▸ EXERCISE REQUIREMENTS:
Once the pictures are removed, output the remaining entries exactly as given.
*** Block opens ***
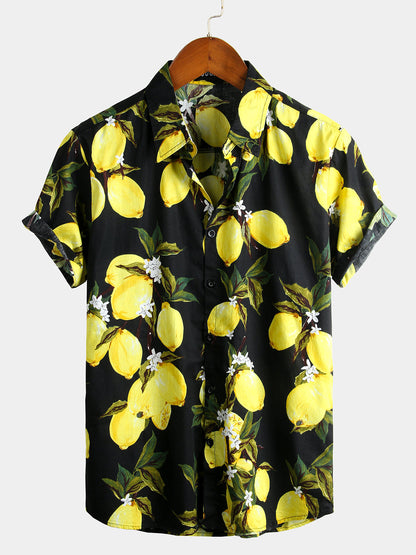 Lemon Print Short Sleeve | Beach Summer Hawaiian Shirt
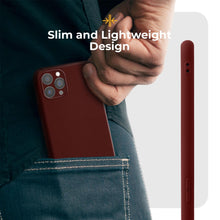 Load image into Gallery viewer, Moozy Minimalist Series Silicone Case for iPhone 13 Pro, Wine Red - Matte Finish Lightweight Mobile Phone Case Slim Soft Protective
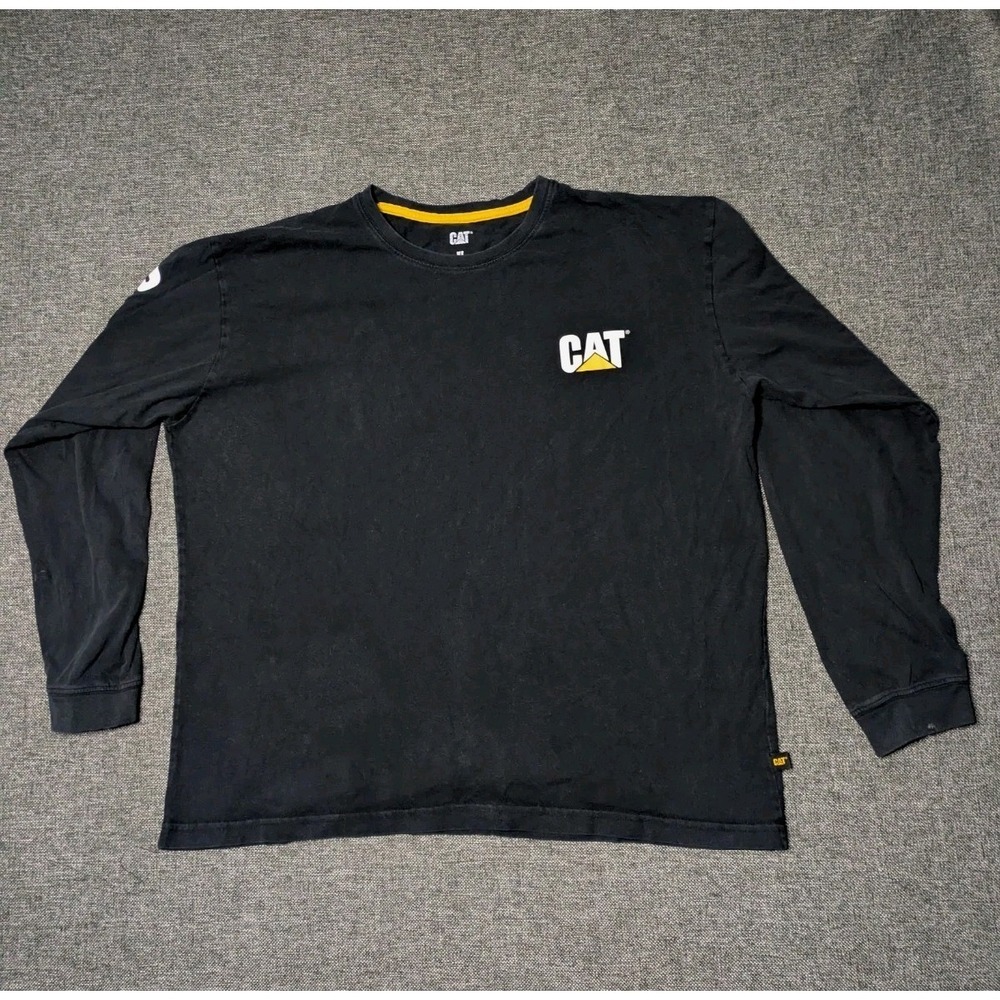CAT Caterpillar Long Sleeve Shirt Mens XL Black Crew‎ Neck Work Tee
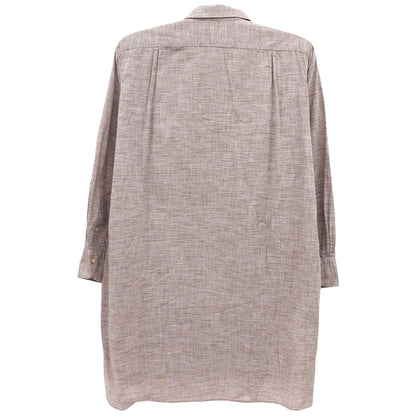 Excellent Condition 100% Cotton Half-Button Long-Sleeve Shirt Top Women's Beige 1 5063025 Top 1 Women's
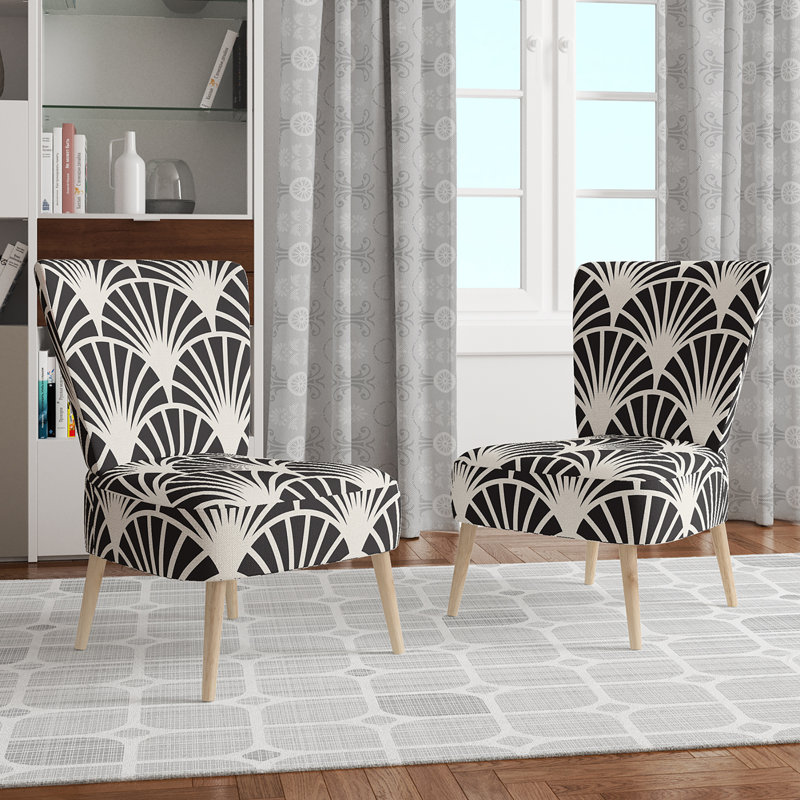 Upholstered Floral Side Chair - Modern floral Accent Chair, Abstract Black Polyester Blend 7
*** Block closes ***
▸ ANSWER TO THIS TASK:
 Lemon Print Short Sleeve | Beach Summer Hawaiian Shirt
 Load image into Gallery viewer, Moozy Minimalist Series Silicone Case for iPhone 13 Pro, Wine Red - Matte Finish Lightweight Mobile Phone Case Slim Soft Protective
CAT Caterpillar Long Sleeve Shirt Mens XL Black Crew‎ Neck Work Tee
 Excellent Condition 100% Cotton Half-Button Long-Sleeve Shirt Top Women's Beige 1 5063025 Top 1 Women's
 Upholstered Floral Side Chair - Modern floral Accent Chair, Abstract Black Polyester Blend 7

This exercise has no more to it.